Saturday, November 17, 2012

No More Twinkies, But At Least The Union Survived Intact...

I've said it before, and it bears repeating: Unions exist to ensure that complete, mouth-breathing, knuckle-dragging, addle-brained doofuses can manage to get and keep overpaid, underworked jobs that their feeble abilities to simply breathe, eat, shit and occupy a particular and unique point in space and time would otherwise make them unqualified for.

Union Big: Hostess out of business, but this only proves the union's power and resolve.

Because, let's face it: it all would have been for nothing if people had kept their jobs in this time of great economic uncertainty and rising prices, only to see the union get busted in the process. That would have been a fucking tragedy.

I'm sure all of those people who are now without a job are so happy they could shit, because that's exactly what they were talked into going on strike for in the first place: to save the union.

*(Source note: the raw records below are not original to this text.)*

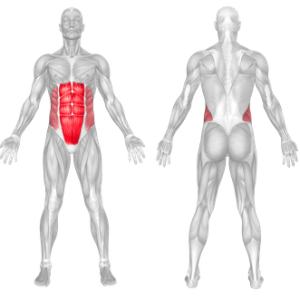 How To Ab Coaster Machine Muscles Worked And Benefits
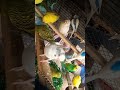 #birds​ #budgiecolony​ #parrot​ #parakeet​🤣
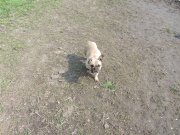 IMG_0200.JPG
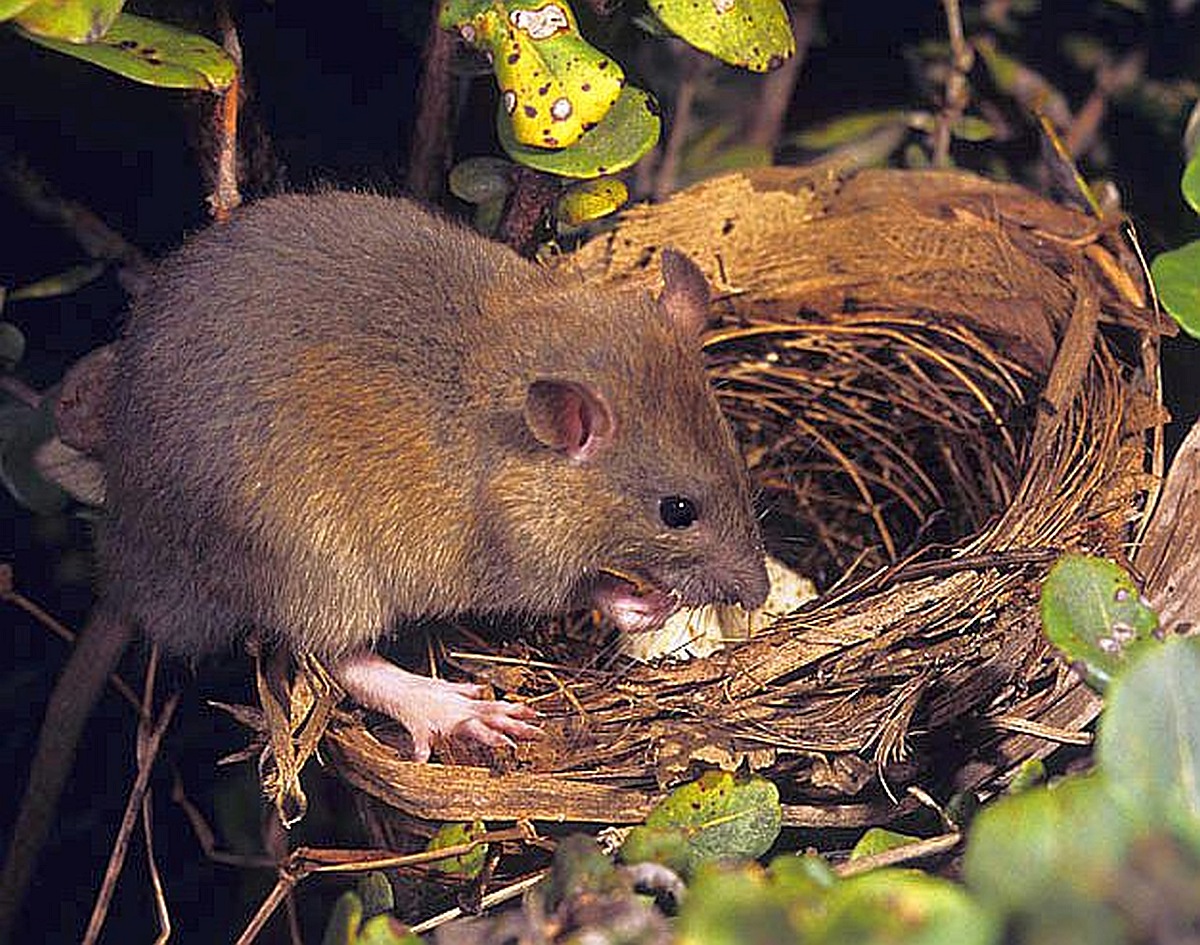 Invasive Rat | FWS.gov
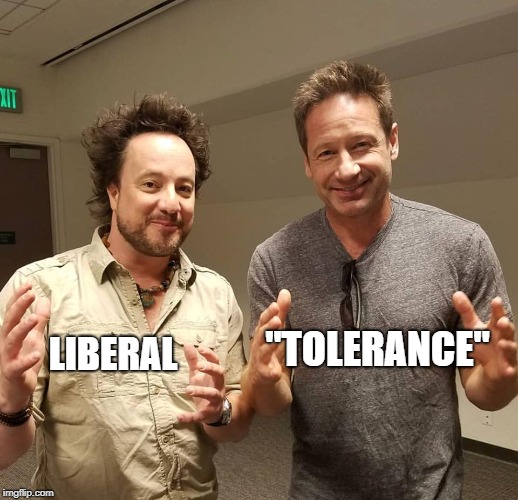 Double Aliens | "TOLERANCE" LIBERAL | image tagged in double aliens | made w/ Imgflip meme maker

You have to love this next bit, which comes from a supposedly professional economist: If you ever wanted to know why economics seems such a convoluted, complicated and apparently contrary subject, this is why: most economists are dumber than dogshit. Here's your proof:
The union’s willingness to go down with the sinking ship — and in some cases take credit for sinking it — in the Hostess case may prove to corporate investors that the working class must be reckoned with, said University of Southern Maine economist and labor relations expert Michael Hillard.
Hillard said he will be interested to see what the ripple effect of the Hostess bankruptcy will have for labor relations nationwide, as the combustion comes on the heels of scattered Republican-led efforts to weaken unions through state laws, not to mention a steady decline in leverage in the 30 years since then-President Ronald Reagan fired more than 11,000 striking air traffic controllers.
Right, because legally striking bakers and illegally striking air traffic controllers are apples and apples. As for the  'ripple effect', let me go out on a limb here and make a prediction:
Even MORE companies with recalcitrant unions who won't renegotiate gold-plated benefits packages that are economically suspect will challenge their workers to go on strike, then use bankruptcy protection and proceedings to get what they need, and fuck the union douches standing on the picket line. This isn't about Labor and management past a certain point: it's about survival as a viable enterprise.
The MBA's understand this, apparently the union bigwigs don't. Now they're (the union douchebags) furiously trying to sell a decision which potentially costs 18,000 Americans their jobs (not that it matters: the union already collected their dues and spent them on getting Obama elected) as some sort of VE Day for organized labor. Good luck with that one.
Dipshit Economist then goes on to say this:
“You’ve seen ownership practices for any kind of large scale manufacturing operation replaced by this short term financial mentality, that’s come largely from Wall Street, and looking at companies less as enterprises than as bundles of assets that can be moved around a chessboard,” Hillard said. “They’re operating with the idea that you can always squeeze more — squeeze more out of operations, squeeze more out of labor, squeeze more out of distribution, just find any way to get more profit.
“The idea that this is how you run a healthy economy is a question, and so who’s standing up to this? Labor unions are one of the ways people have to make their concerns known about the economic conditions in our world,” he continued.
Yeah. I'm certain the union had it's non-unionized brethren in China, Indonesia and Bangladesh forefront in their thoughts when they pulled this stunt. In case no one ever told the unions, or the economist, businesses have always sought to cut costs as a means of sustaining profits and improving operations. The biggest expenses, though, that a business faces is labor and benefits costs, and therefore, those are the things that go under the knife first, and most often.
Why do you think automation exists?
I wonder, would either the union or this insane economist who apparently knows nothing about his subject, be saying the same things today about the power of the union, and it's success in destroying Hostess if, for example, the union simply ate the concessions as a matter of goodwill and spared 18,000 the unemployment line?
Fuck no. They'd simply be using that as leverage in the next round of negotiations, when one hopes, the economic picture improves and profits are up. The point is never to see to the actual needs or rights of the workers (that function has largely been usurped by the legal system and the state/federal governments) it's always about maximizing the revenues to the union, revenues which are later used to buy politicians, and keep most union execs living a lifestyle not that far removed from the Fat Cats they claim to despise.
Eighteen thousand people no longer have a job this morning, but the President of their union is still living in a tony suburb, eating steak three times a week, and has only the finest booze, silk pajamas, cars and hookers at his fingertips, I'll wager.
This was never about saving anyone's benefits: it was always about keeping the union on life support. The results in this situation speak for themselves.
I now wonder if 18,000 bakers would be able to organize their own bread line?